We need a figurehead. (Not me, unfortunately. I ain’t got the time or the fame or the diplomatic skills.) We need somebody who can galvanise ordinary British people into saving their countryside before it’s too late. Ideally that figurehead would have been the Prince of Wales. But as I explained in last week’s Spectator the Prince has rather ruled himself out of that one. Alan Titchmarsh? He’s the only name that immediately springs to mind, but perhaps you can suggest others.
Next we need money to counter all the propaganda which is spewed out, much of it at taxpayer’s expense of course, by quangos like the Carbon Trust, by schools, by organisations like Renewable UK (formerly the British Wind Energy Association) – each of them repeating the same fundamental lies: that CO2 is a pollutant (not a plant food); that Man-Made Climate Change is a serious, pressing threat; that wind farms are the solution.
Above all, though, we need to stop kidding ourselves that if only we concentrate on how thoroughly marvellous Michael Gove is or what a splendid idea elected police chiefs are, this nasty, scary energy policy our Coalition has decided to foist on us will somehow magically evaporate. At the moment, we seem to be allowing their spokesmen to get away with all manner of nonsense, such as:
1. Britain needs to set an example on CO2 reduction.
No it doesn’t. At least not unless you believe in futile, suicidal gestures. China’s burgeoning CO2 output alone is more than enough to wipe out any paltry emissions Britain makes by going “low carbon”.
2. It will create green jobs.
Only in places like China, where the wind turbines are manufactured. There will be no benefits to the British economy, just a disastrous replay of the Spanish experience where for every “green job” created by government subsidy, 2.2 jobs were lost in the real economy.
3. It will provide “energy security”.
No it won’t. Because wind power is so unreliable, it has to be backed up by conventional power such as coal or gas. If energy security is really what we want we should go for more coal-fired power. We are, after all, sitting on an island of coal.
4. It doesn’t destroy property values, ruin views, chop birds to pieces, or create a low subsonic hum which drives anyone unfortunate to live by a wind farm mad.
Yep. Sounds like you’ve been taking your daily dose of propaganda from the likes of Renewable UK and Polly Toynbee, who thinks wind farms are rather attractive.
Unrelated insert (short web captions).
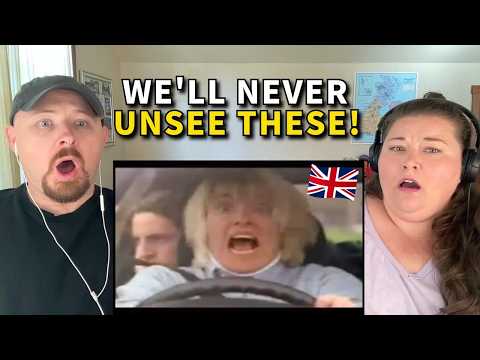 Americans React: Most TERRIFYING British Public Information Films 😱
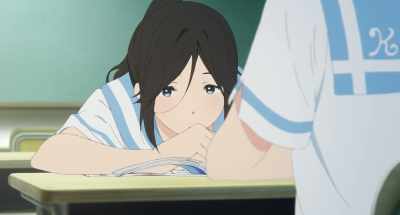 Oh, but she's working hard now that she has a plan in place. - Liz and the Blue Bird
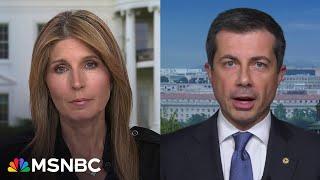 'We've never seen anything like we have at this level': Buttigieg on hurricane misinformation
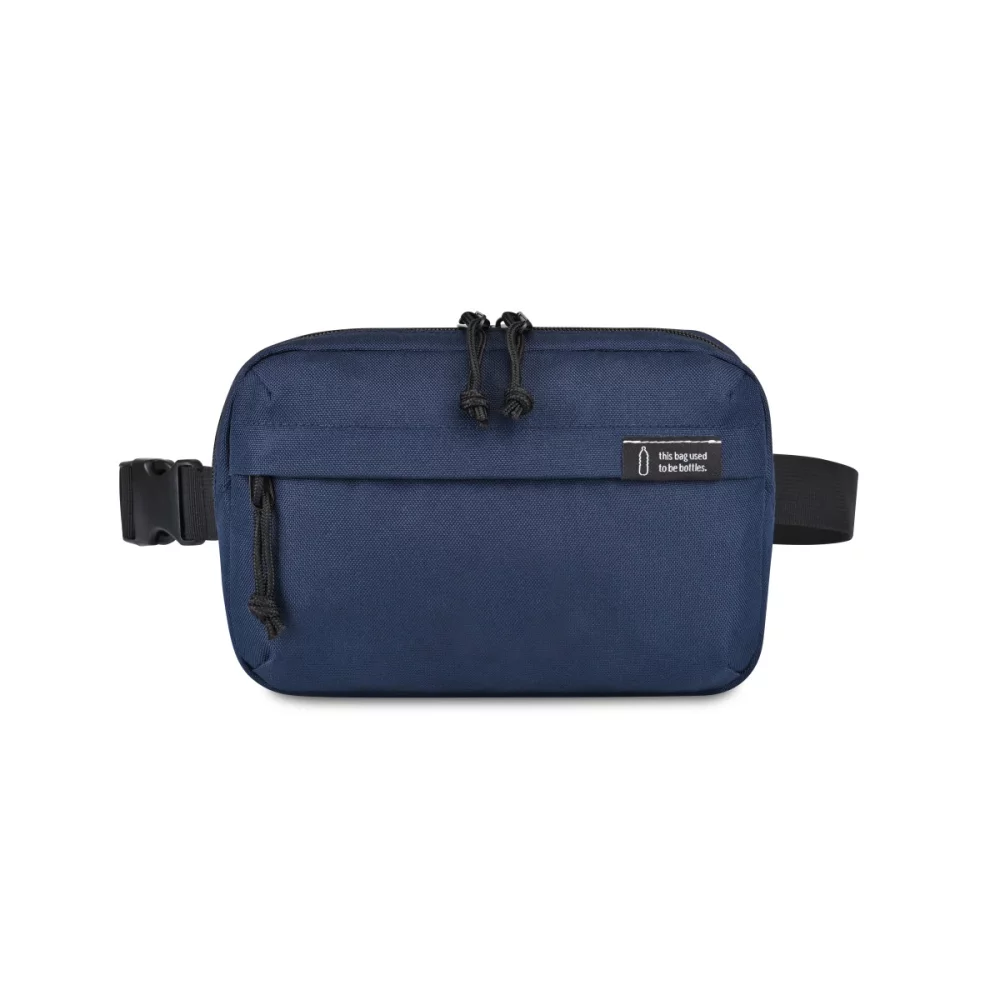 Renew rPET Waist Pack - Navy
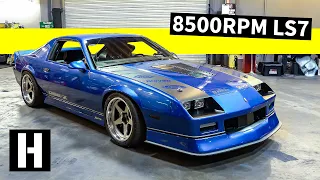 Greatest Camaro Ever Built? 8500rpm LS7 DSE-Z 3rd Gen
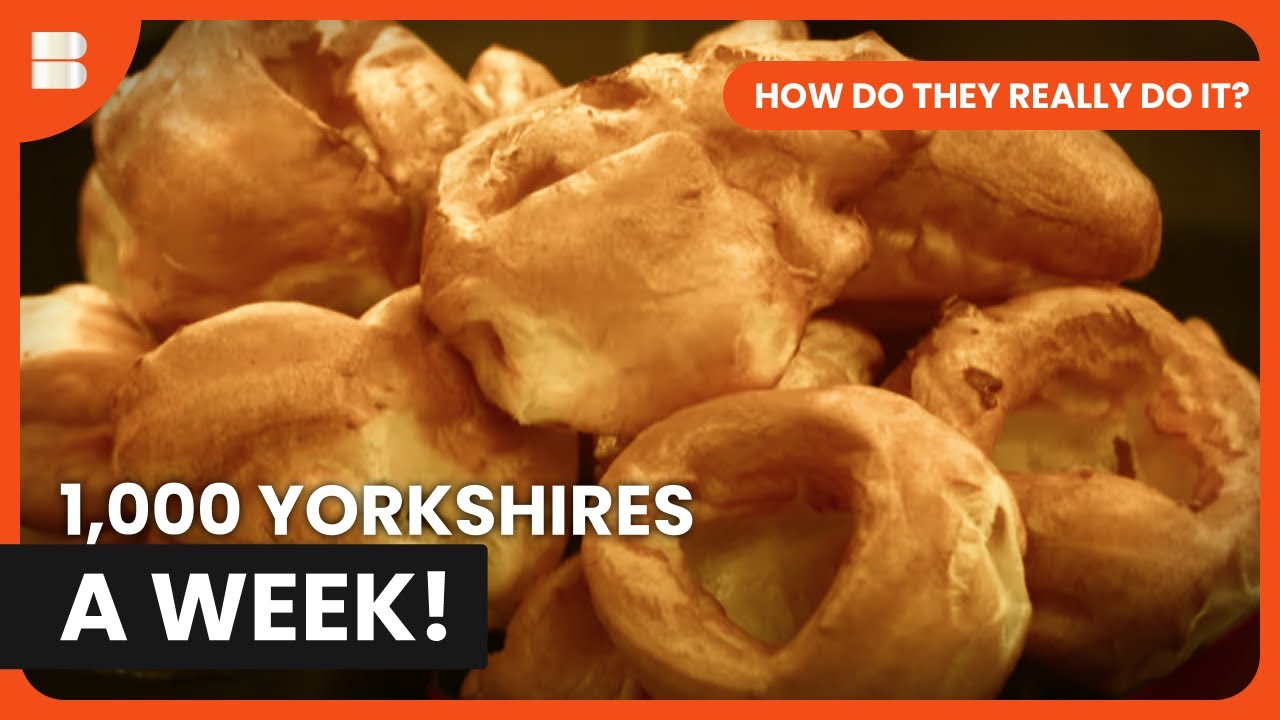 How Toby Carvery Make 1,000 Delicious Yorkshires a Week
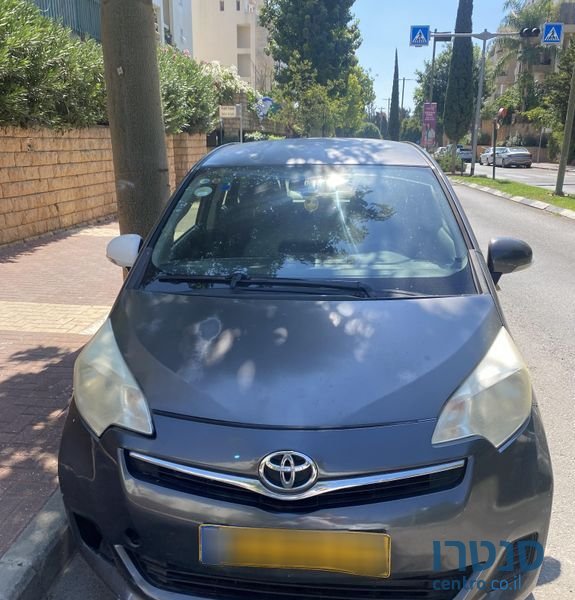 2014' Toyota Verso טויוטה ורסו-S photo #2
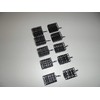 TMC 10 x 20g Square Metal Swivel Cage Feeder Carp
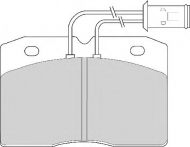 Комплект тормозных колодок ABEX AVR127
5. The future is low carbon.
Says who? What we need, now more than ever, is cheap power to generate the economic growth the world needs to lift itself out of the looming double-dip recession. Low carbon energy is, by definition, not cheap.
6. But what about “climate change”?
What about it? If it’s “global warming” you’re worried about, it stopped in 1998. Global cooling is a much more imminent and serious problem. Recent changes in the Pacific Decadal Oscillation mean that we’re now set for a 30 year cooling period guaranteed to make a mockery of all our fears about “global warming.” Yet here we are, embarked on a policy guaranteed to raise our energy bills to unaffordable levels, as we enter a period of colder winters.
This nonsense has got to stop. People, are you with me?